[Your objective]:
From the records below, please repeat exactly the line that has "دراجه شحن.البيع خمس", the line that has "Jeep Cherokee 2.2", and every line between them, and nothing else.

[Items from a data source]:
*** Block opens ***

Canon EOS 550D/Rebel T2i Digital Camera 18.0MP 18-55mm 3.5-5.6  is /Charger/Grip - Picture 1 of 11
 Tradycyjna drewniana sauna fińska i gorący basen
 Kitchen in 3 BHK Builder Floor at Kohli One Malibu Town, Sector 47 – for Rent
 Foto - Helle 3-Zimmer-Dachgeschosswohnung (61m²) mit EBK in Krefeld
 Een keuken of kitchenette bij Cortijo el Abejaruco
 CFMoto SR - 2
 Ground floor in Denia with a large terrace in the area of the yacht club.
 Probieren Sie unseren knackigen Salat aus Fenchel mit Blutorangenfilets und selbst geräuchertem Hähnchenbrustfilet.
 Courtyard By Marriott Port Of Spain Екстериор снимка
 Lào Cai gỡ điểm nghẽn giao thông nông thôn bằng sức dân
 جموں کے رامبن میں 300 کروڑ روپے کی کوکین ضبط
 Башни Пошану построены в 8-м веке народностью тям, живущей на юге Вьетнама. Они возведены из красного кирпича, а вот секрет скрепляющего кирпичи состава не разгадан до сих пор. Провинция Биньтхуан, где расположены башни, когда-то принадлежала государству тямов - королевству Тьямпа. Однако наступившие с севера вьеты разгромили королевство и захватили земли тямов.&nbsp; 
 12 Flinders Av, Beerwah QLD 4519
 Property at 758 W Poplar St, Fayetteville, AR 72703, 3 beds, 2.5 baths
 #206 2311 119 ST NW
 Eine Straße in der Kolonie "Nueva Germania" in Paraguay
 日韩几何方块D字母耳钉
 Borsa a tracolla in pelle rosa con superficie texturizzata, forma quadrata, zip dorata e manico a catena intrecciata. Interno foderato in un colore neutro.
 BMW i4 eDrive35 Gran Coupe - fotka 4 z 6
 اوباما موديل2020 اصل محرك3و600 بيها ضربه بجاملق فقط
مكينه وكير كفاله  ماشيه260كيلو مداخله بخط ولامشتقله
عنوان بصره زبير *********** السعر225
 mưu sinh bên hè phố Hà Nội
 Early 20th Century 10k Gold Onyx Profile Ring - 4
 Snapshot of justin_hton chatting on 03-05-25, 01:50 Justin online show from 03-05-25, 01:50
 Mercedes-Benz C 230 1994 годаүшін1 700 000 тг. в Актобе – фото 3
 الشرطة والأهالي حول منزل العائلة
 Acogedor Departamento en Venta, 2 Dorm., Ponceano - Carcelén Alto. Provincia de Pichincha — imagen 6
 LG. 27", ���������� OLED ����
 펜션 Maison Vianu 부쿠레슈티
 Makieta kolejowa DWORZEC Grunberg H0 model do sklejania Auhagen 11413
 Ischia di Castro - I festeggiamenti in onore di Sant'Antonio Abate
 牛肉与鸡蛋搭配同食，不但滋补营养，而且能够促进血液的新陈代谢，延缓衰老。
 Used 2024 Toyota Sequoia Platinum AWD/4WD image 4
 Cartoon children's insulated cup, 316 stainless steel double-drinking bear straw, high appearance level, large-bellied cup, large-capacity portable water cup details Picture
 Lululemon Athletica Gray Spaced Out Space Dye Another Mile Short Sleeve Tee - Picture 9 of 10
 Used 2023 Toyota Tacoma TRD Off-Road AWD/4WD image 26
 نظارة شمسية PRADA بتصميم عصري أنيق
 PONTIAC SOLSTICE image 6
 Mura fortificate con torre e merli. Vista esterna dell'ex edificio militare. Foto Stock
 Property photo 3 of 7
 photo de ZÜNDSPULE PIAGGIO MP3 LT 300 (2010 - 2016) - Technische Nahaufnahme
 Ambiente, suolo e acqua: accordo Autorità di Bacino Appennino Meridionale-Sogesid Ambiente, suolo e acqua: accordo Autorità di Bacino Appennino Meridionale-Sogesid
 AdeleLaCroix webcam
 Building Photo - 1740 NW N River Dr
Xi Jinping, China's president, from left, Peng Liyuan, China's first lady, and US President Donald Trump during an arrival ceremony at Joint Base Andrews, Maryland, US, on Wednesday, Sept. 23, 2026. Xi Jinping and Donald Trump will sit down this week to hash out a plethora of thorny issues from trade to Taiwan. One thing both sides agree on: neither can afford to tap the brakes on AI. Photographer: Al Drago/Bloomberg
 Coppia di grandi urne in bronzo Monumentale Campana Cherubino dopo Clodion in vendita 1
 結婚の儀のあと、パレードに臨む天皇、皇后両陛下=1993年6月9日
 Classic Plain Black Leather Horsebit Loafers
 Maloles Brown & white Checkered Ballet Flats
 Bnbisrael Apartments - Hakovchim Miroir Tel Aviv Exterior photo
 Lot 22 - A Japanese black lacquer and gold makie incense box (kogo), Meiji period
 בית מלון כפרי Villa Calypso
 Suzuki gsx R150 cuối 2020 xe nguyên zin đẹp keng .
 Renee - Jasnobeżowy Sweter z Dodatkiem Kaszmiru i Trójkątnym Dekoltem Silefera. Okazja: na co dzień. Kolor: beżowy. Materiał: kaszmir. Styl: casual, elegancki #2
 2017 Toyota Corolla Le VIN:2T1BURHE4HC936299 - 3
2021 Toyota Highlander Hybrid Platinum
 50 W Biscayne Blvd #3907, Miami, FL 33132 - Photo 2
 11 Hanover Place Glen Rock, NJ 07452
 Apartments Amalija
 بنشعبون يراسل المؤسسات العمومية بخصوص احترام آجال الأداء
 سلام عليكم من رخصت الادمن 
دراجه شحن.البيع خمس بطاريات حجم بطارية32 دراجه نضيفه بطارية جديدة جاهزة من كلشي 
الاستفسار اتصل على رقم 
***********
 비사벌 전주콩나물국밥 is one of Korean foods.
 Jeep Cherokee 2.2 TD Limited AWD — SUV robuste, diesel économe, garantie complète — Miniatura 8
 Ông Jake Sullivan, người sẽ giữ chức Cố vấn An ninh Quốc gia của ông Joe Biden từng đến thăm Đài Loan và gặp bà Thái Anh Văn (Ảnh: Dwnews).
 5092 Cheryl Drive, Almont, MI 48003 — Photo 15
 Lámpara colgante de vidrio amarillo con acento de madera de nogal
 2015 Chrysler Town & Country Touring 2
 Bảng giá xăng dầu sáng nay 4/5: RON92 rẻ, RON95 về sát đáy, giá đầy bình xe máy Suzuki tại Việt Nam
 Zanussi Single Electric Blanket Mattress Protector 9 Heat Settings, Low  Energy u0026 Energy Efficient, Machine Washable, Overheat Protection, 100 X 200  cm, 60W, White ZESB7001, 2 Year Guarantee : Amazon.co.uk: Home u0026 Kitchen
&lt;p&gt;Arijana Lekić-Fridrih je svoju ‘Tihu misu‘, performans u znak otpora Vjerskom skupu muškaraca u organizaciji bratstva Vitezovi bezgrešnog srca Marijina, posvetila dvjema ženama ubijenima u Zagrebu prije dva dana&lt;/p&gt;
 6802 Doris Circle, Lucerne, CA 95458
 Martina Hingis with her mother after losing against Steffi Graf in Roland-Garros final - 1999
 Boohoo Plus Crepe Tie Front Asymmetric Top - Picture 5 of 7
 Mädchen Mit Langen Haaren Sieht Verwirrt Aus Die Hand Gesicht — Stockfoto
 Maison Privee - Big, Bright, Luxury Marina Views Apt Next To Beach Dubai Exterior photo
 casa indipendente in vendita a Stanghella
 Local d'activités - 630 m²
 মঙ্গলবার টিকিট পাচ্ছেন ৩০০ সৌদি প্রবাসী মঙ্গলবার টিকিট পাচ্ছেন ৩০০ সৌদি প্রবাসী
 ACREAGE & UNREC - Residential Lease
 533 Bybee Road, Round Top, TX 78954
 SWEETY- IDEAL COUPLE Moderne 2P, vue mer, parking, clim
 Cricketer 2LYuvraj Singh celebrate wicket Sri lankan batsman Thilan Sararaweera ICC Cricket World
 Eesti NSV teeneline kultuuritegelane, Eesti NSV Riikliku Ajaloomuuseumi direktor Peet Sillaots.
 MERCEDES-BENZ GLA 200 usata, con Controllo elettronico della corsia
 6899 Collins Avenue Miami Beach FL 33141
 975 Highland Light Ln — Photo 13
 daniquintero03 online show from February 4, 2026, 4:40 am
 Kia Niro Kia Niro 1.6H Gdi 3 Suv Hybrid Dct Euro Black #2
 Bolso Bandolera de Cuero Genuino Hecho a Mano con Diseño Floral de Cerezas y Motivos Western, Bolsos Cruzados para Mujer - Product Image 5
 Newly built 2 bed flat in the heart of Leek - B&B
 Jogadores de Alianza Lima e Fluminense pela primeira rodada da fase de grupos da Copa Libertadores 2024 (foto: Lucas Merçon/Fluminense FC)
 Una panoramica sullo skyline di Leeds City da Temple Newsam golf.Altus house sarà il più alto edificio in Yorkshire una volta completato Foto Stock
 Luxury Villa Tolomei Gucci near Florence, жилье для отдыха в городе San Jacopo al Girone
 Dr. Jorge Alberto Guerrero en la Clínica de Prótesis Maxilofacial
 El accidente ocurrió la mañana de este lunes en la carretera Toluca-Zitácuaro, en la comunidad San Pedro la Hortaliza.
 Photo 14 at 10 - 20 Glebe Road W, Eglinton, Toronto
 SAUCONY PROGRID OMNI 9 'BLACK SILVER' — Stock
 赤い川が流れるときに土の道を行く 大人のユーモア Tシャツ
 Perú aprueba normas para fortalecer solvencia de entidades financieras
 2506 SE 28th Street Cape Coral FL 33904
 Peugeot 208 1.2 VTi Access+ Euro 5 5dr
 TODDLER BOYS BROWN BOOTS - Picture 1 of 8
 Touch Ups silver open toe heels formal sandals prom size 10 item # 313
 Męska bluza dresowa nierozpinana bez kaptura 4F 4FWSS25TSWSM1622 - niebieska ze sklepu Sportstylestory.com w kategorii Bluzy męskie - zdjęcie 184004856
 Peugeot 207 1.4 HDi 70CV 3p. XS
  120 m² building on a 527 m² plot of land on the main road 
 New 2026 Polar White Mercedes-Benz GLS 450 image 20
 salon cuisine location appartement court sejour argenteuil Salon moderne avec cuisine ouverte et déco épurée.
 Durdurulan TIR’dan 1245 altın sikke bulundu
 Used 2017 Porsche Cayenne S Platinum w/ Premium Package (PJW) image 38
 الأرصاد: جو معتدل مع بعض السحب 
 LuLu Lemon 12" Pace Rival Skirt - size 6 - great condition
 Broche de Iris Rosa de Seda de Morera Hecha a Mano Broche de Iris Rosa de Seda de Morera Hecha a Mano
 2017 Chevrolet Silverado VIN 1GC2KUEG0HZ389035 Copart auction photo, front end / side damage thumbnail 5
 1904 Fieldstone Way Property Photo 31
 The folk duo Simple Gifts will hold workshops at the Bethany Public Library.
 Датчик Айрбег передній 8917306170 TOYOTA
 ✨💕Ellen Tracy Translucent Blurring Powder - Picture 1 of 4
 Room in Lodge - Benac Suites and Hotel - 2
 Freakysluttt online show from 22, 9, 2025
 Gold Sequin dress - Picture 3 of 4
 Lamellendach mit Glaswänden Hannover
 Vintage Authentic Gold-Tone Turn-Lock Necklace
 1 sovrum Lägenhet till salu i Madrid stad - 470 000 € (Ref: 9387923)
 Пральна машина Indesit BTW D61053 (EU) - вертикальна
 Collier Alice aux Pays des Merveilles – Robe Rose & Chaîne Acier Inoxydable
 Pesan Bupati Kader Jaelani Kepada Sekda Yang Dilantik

*** Block closes ***

[Task solution]:
دراجه شحن.البيع خمس بطاريات حجم بطارية32 دراجه نضيفه بطارية جديدة جاهزة من كلشي 
الاستفسار اتصل على رقم 
***********
 비사벌 전주콩나물국밥 is one of Korean foods.
 Jeep Cherokee 2.2 TD Limited AWD — SUV robuste, diesel économe, garantie complète — Miniatura 8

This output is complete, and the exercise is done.